I have been watching Reverse Missionaries on the good old BBC. I'm grateful that they have put such a program on particularly as the voice over is not disparaging. And it shows the impact of missionaries who followed Gods vision for them.
However, the beginning of each programme it shows a church that is defeatist. It won't work here! When we're gone there won't be a church!
I just wondered if this is what you see in your local churches.
Just had a quick peek on sample on YouTube. While I'm not from the UK, I actually don't doubt this is happening not just in the UK, but around the world.
Here in Canada, I serve and attend an ethnic Baptist Church (Chinese). Way way back, many years ago the land which we built our church on was given to us for a $1 from our neighbor a establish Baptist Church, so we could build a building that would assist us with our ministry. It was an amazing gift, since in today's $ I don't we'd be able to afford this prime real-estate. Now fast forward about 25 years, we outgrew the land, so we bough two more small houses next, which we converted into Sunday school rooms, then later levels so we could expand our building. We now house 5 services split between English Speaking, Cantonese Speaking and Mandarin Speaking congregations. I think between all 3 congregations we probably have close to a 1,000 people come through our doors every Sunday.
However, unfortunately, the church next door is suffering. At the low point, I think they have barely double-digit for their single Sunday Server. The congregation was much like shot of small church in season 1, episode 1 where there were only one row of members, all very elderly. To be honest, it was a sad state, as the church was being rented out during the week to help offset costs, couldn't really afford a full-time minister and was in very realistic risk of being closed and sold off.

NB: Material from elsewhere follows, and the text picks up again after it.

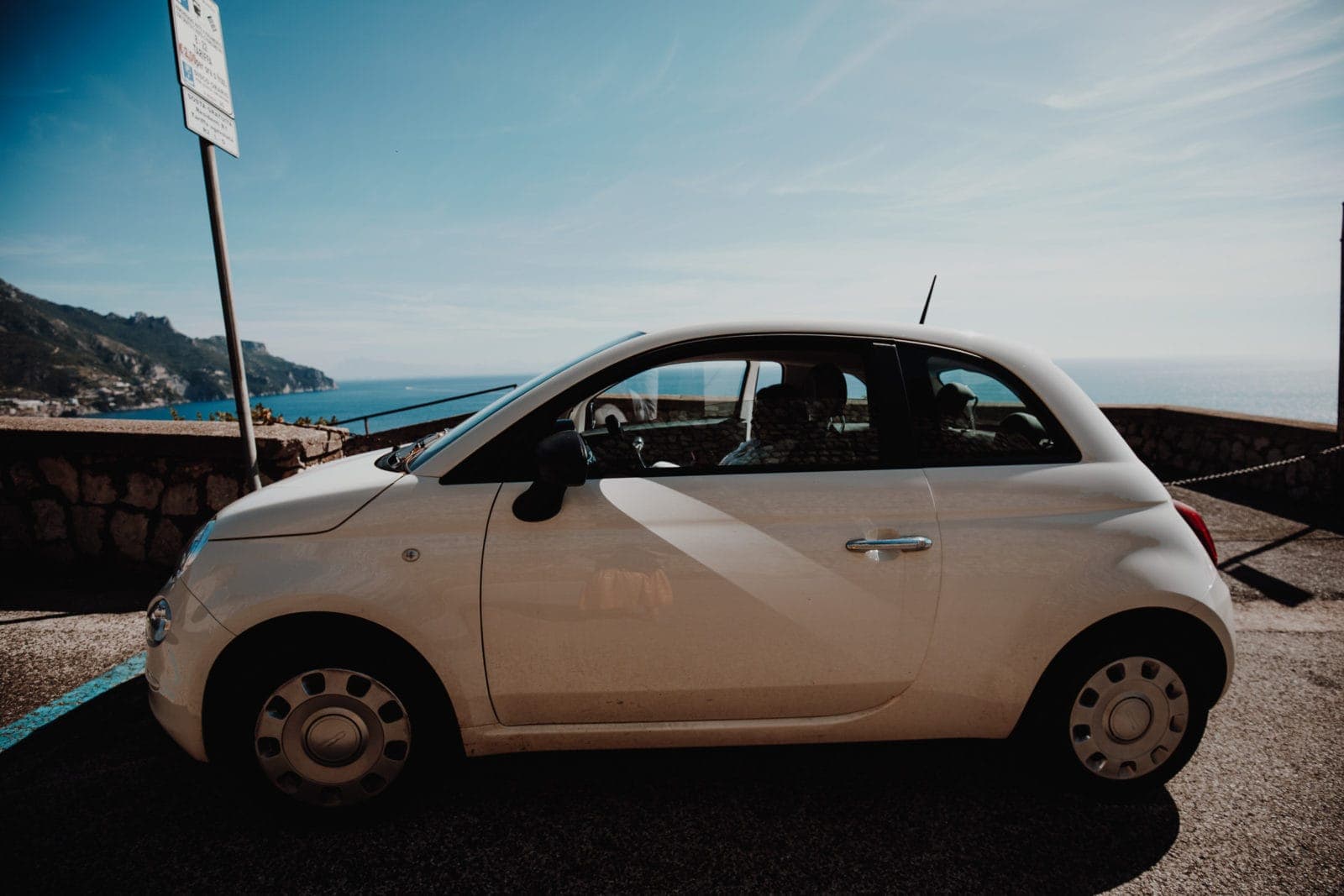 Amalfiküste mit Fiat 500 Mietwagen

Over the last few years we've instituted a program where we've seeded few young families next store to offer a more permanent solution. That's very much a on-going process, but for the meantime, the talks of selling the church seems to have been put on hold.
However, while there are a lot of macro-reason why this might have happened to this once-thriving church, from what I've gathered, there are many micro-reasons why this happened here. The most crucial is that this church just didn't keep up with the times. They had a very strict policy of organ lead hymns and basically just never changed. Those who wanted change were forced to leave and look elsewhere. Eventually the core, which was the majority, never adapted and over time literally aged and went to be with the Lord.
It's all very sad. Churches need to stay relevant (be in the world), but not compromise (be of the world). I think that would apply anywhere in the world.